_PROBLEM TO SOLVE:_ From the first line of the material below through the line containing "Glitter Wind Spinner", print every line exactly as it stands, but no pictures.

_SOURCE MATERIAL:_
- - -
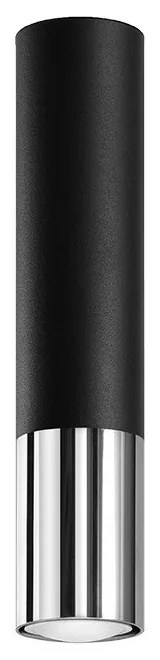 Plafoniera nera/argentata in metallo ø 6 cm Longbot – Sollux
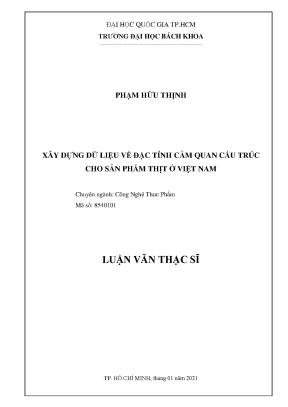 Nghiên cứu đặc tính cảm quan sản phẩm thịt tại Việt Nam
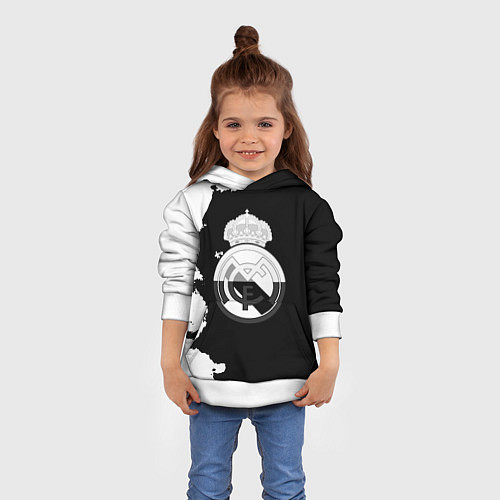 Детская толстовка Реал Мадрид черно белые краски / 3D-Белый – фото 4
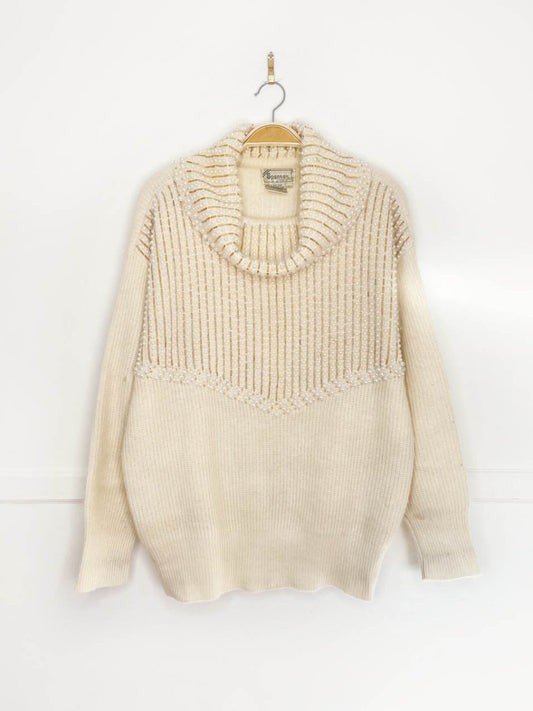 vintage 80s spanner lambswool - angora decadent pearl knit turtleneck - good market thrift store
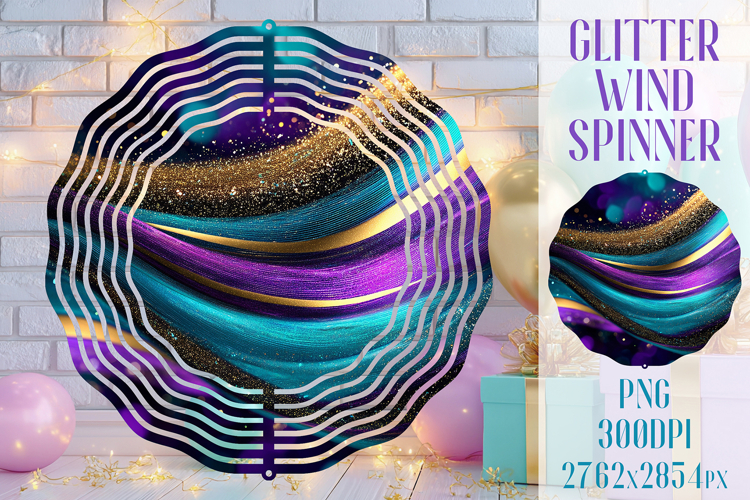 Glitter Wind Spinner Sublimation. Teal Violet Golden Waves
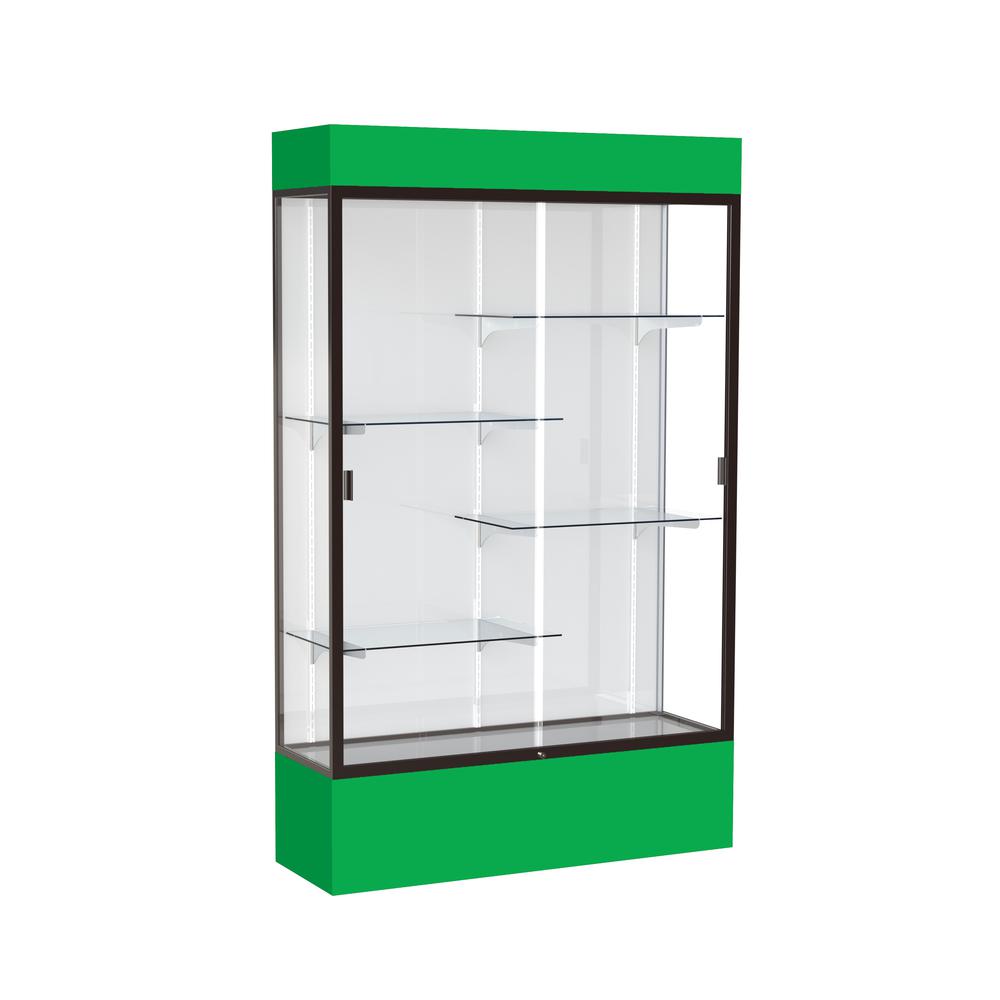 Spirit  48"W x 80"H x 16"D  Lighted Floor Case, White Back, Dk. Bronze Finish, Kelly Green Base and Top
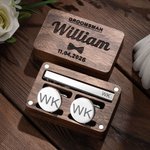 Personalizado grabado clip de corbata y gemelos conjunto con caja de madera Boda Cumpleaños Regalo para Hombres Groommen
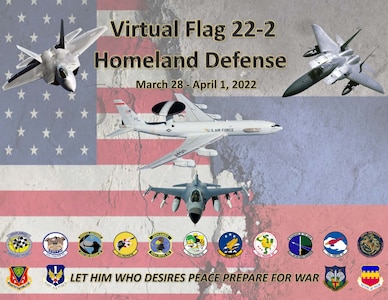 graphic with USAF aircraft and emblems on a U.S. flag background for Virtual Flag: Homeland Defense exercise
- - -
_ANSWER TO THE PROBLEM:_
 Plafoniera nera/argentata in metallo ø 6 cm Longbot – Sollux
 Nghiên cứu đặc tính cảm quan sản phẩm thịt tại Việt Nam
 Детская толстовка Реал Мадрид черно белые краски / 3D-Белый – фото 4
 vintage 80s spanner lambswool - angora decadent pearl knit turtleneck - good market thrift store
 Glitter Wind Spinner Sublimation. Teal Violet Golden Waves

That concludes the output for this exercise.